1. Field of the Invention
The present invention pertains to Coriolis effect mass flowmeters. More particularly, the Coriolis effect mass flowmeters contain self diagnostics that improve the accuracy obtainable from the meters in measuring two phase flow including mixtures of gas and liquid, or in identifying measurements that may be affected by the deposition of scale or wax inside the meter.
2. Statement of the Problem
Coriolis flowmeters directly measure the rate of mass flow through a conduit. As disclosed in the art, such as in U.S. Pat. No. 4,491,025 (issued to J. E. Smith et al. on Jan. 1, 1985 and hereinafter referred to as the U.S. Pat. No. 4,491,025) and Re. 31,450 (issued to J. E. Smith on Feb. 11, 1982 and hereinafter referred to as the U.S. Pat. No. Re. 31,450), these flowmeters have one or more flowtubes of straight or curved configuration. Each flowtube configuration in a Coriolis mass flowmeter has a set of natural vibration modes, which may be of a simple bending, torsional or coupled type. Fluid flows into the flowmeter from the adjacent pipeline on the inlet side, is directed through the flowtube or tubes, and exits the flowmeter through the outlet side of the flowmeter. The natural vibration modes of the vibrating, fluid filled system are defined in part by the combined mass of the flowtubes and the fluid within the flowtubes. Each flow conduit is driven to oscillate at resonance in one of these natural modes.
When there is no flow through the flowmeter, all points along the flowtube oscillate with identical phase. As fluid begins to flow, Coriolis accelerations cause each point along the flowtube to have a different phase. The phase on the inlet side of the flowtube lags the driver, while the phase on the outlet side leads the driver. Sensors can be placed on the flowtube to produce sinusoidal signals representative of the motion of the flowtube. The phase difference between two sensor signals is proportional to the mass flow rate of fluid through the flowtube. A complicating factor in this measurement is that the density of typical process fluids varies. Changes in density cause the frequencies of the natural modes to vary. Since the flowmeter's control system maintains resonance, the oscillation frequency varies in response. Mass flow rate in this situation is proportional to the ratio of phase difference and oscillation frequency.

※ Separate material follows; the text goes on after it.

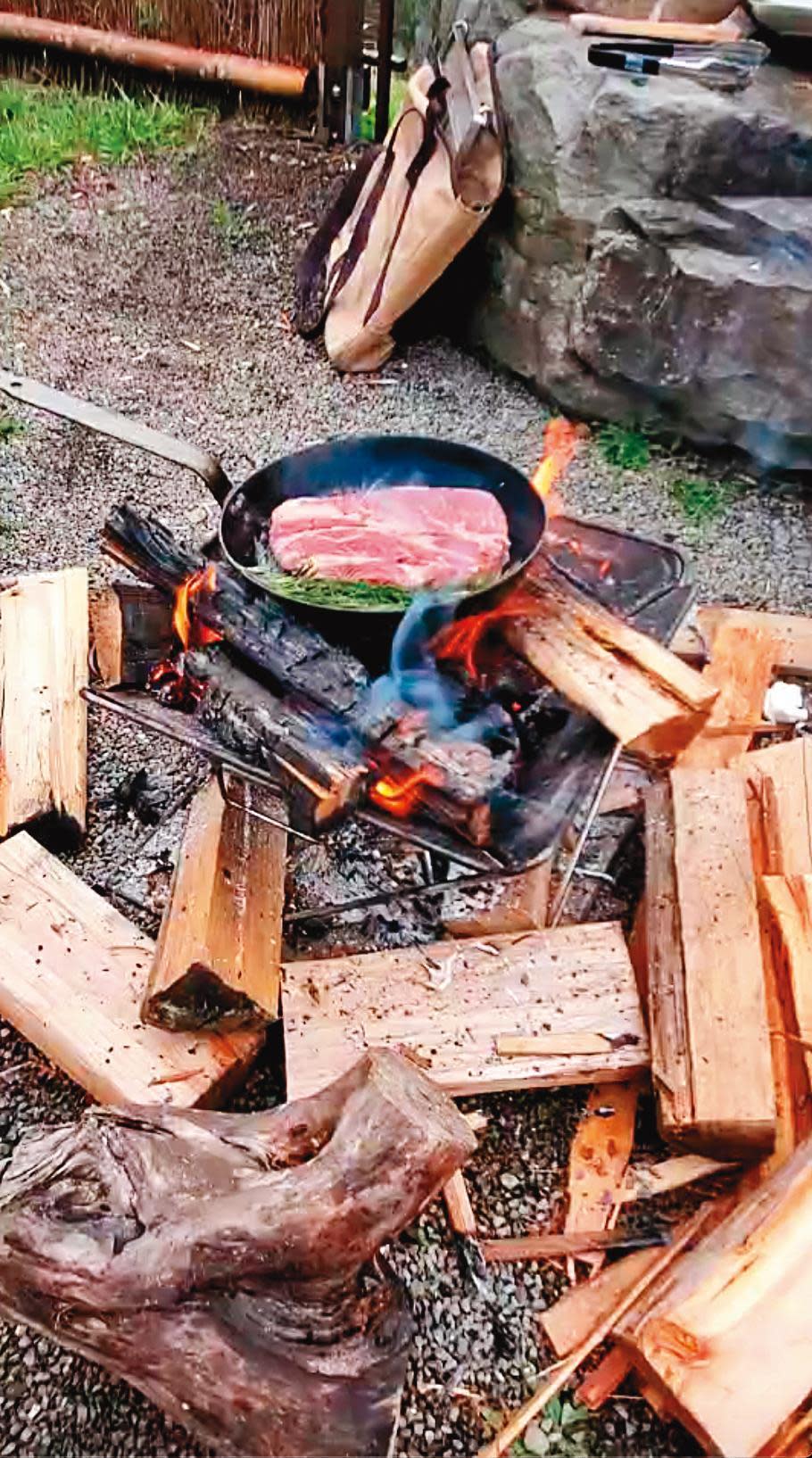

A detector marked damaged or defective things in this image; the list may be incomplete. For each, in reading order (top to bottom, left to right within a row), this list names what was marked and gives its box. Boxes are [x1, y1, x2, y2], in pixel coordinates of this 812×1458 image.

U.S. Pat. No. Re. 31,450 discloses a Coriolis flowmeter that avoids the need of measuring both phase difference and oscillation frequency. Phase difference is determined by measuring the time delay between level crossings of the two sinusoidal signals. When this method is used, the variations in the oscillation frequency cancel, and mass flow rate is proportional to the measured time delay. This measurement method is hereinafter referred to as a time delay measurement.

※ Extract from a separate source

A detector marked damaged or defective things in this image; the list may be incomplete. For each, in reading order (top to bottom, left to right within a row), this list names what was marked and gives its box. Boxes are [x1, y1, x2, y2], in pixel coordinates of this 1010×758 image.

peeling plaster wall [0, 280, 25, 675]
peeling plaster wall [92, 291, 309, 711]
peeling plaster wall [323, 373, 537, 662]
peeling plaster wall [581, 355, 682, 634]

A problem in currently available Coriolis flow measurement apparatus is a limited suitability to gas applications. Gases are less dense than liquids and consequently, at the same flow velocities, smaller Coriolis accelerations are generated. This situation requires a higher sensitivity flowmeter. Alternatively, a flowmeter with conventional sensitivity could be used, if the flow velocity is increased to achieve the same Coriolis accelerations. Unfortunately, this alternative leads to a flowmeter having a sensitivity that is not constant.
The problems with gas flow through Coriolis flowmeters are exacerbated in systems with multiphase flow including liquids and gas. The gas damps the system with the effect of reducing sensitivity to measurement. This damping effect can be so severe that the meter cannot perform flow measurements.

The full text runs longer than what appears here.